Sunday, December 20, 2009

Banking Companies Ordinance

The State Bank of Pakistan (SBP) has proposed major changes to the Banking Companies Ordinance-1962 to bring all deposit taking Non-Bank Financial Companies (NBFCs) like investment banks, leasing companies and housing finance companies completely under the fold of SBP.

The major rationale behind this move is that these NBFCs are engaged in activities which are quite incidental to banking both on the liability as well as asset side.

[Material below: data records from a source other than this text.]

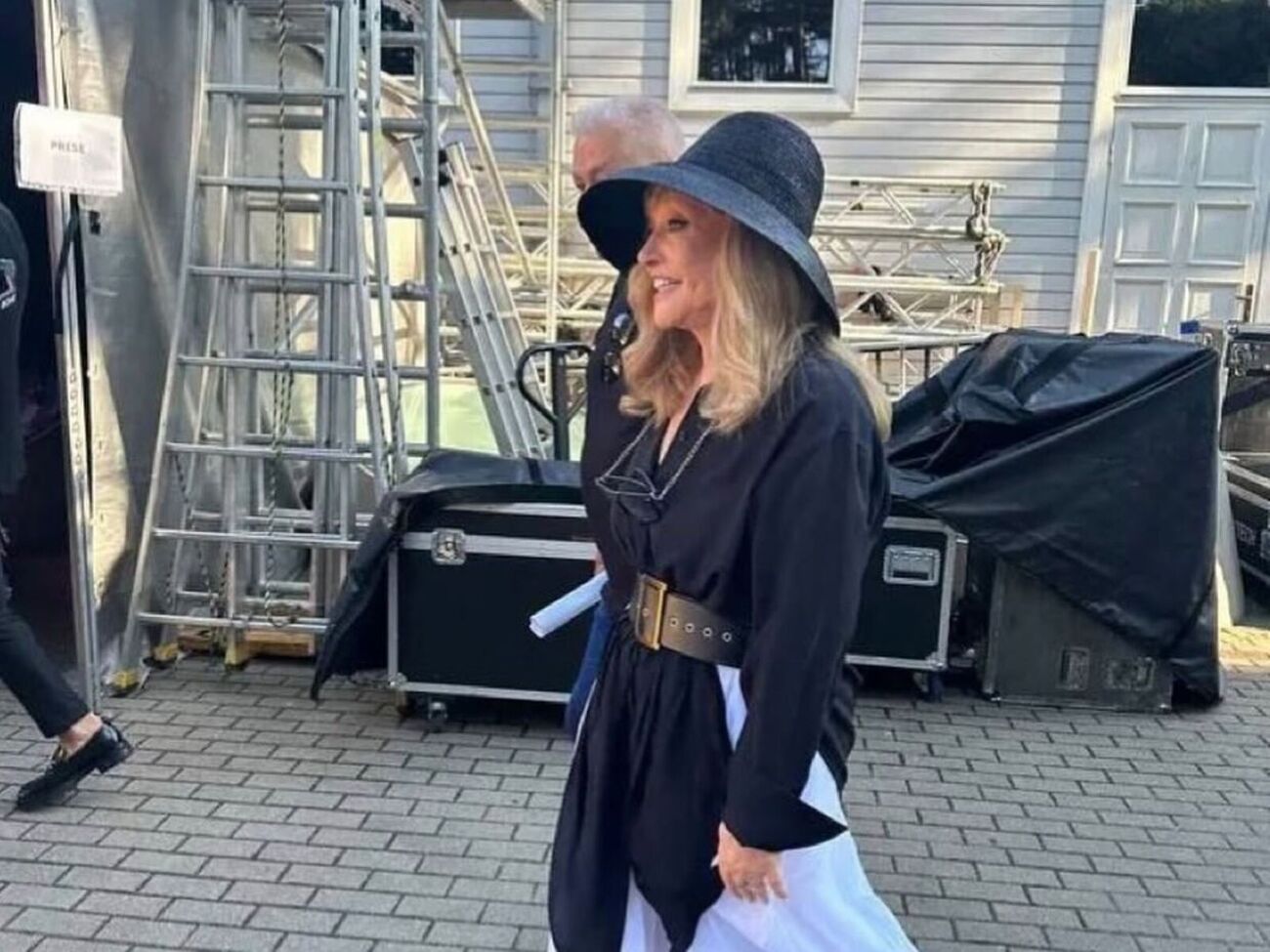 Пугачева появились на закрытии фестиваля с мужем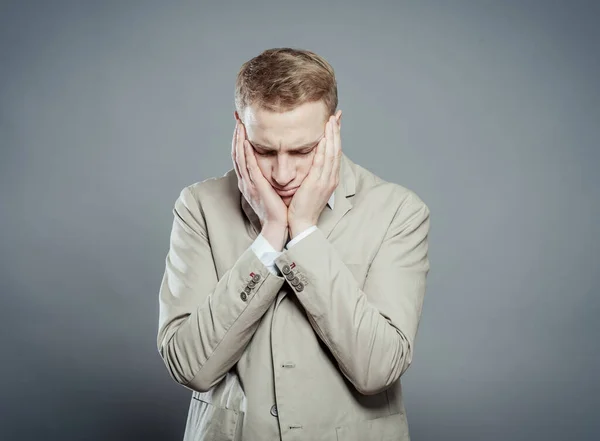 Hombre Joven Cerca Traje Sobre Fondo Gris Duerme Hombre Cansado — Foto de Stock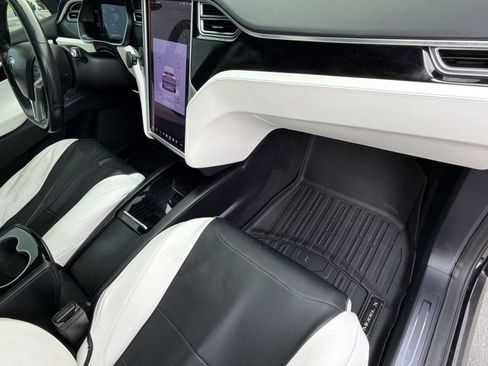 Used 2018 Tesla Model X P100D AWD/4WD image 34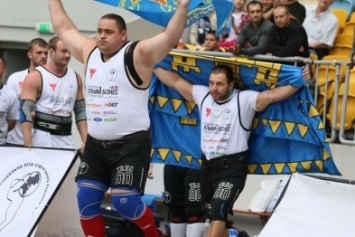 Марицуполец Александр Лашин вместе с львовянином выиграли Чемпионат мира по стронгмэну (ФОТО)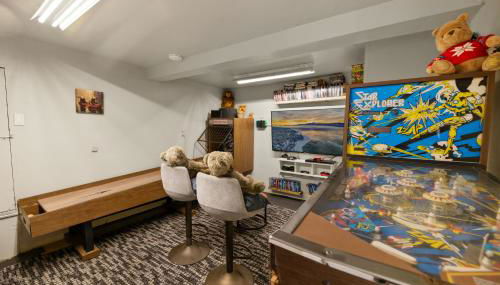 Alpine Retreat - Deck, Fire Pit, Barbecue - Foto 2, Game Room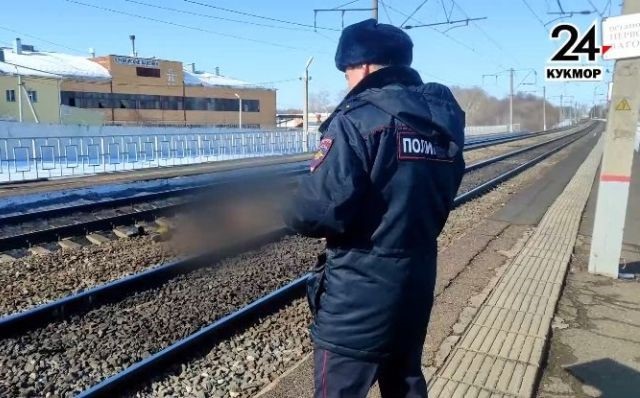 Попавший под поезд 42-летний мужчина погиб в Кукморе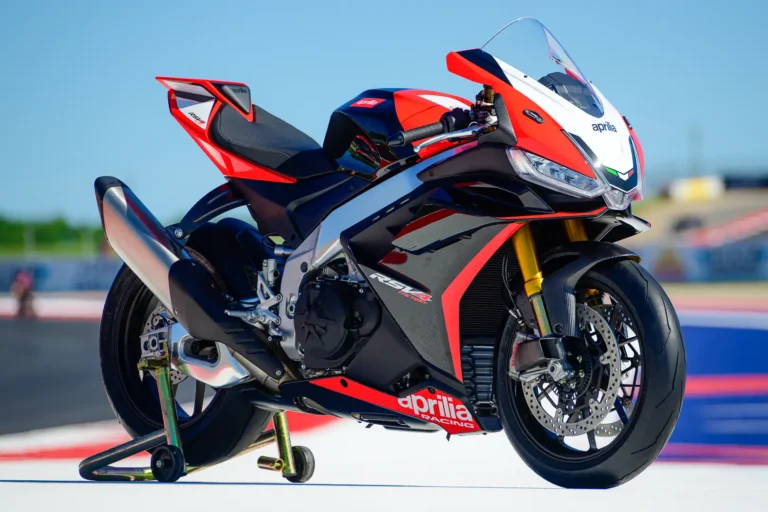 2024 Aprilia V4 Factory SE-09 SBK Special Editions First Look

Bringing such entities under SBP would lead to greater supervisory efficiency as being regulator of banks. Its supervisory approach was well-equipped for their kind of business. The proposed amendments would enable Pakistan to ensure compliance with this principle said Governor, State Bank of Pakistan Dr Shamshad Akhtar while delivering her key-note address on Pakistan : Framework for Consolidated Supervision at the 58th annual general meeting of Institute of Bankers Pakistan (IBP) here on Friday. She indicated that the SBP is positioning itself for moving to consolidated supervision, in anticipation of amendments in Banking Companies Ordinance (BCO)-1962 to empower SBP to launch this initiative. This is a timely move in the wake of potential risks arising from complex structures of financial groups and emergent supervisory challenges.

Dr Akhtar stated the SBP has proposed significant amendments in the Banking Companies Ordinance. The objective of these proposed amendments is to strengthen the oversight of financial sector in accordance with the 10- year strategy and blueprint of financial sector reforms of the SBP. Although Pakistan’s financial sector as a whole has a lot to gain through increased integration and conglomeration, the newly emerging phenomenon has to be properly monitored and governed under proper legal framework to mitigate the potential risks, she added.

The SBP, as part of its overall financial sector reforms launched in July 2008, has been advocating the need for legislature to empower the Central Bank to augment its oversight of the financial sector, she said adding that the legislative reforms proposed by the SBP in this area have recently been approved, in principle, by the Cabinet and will be tabled for consideration of the Parliament.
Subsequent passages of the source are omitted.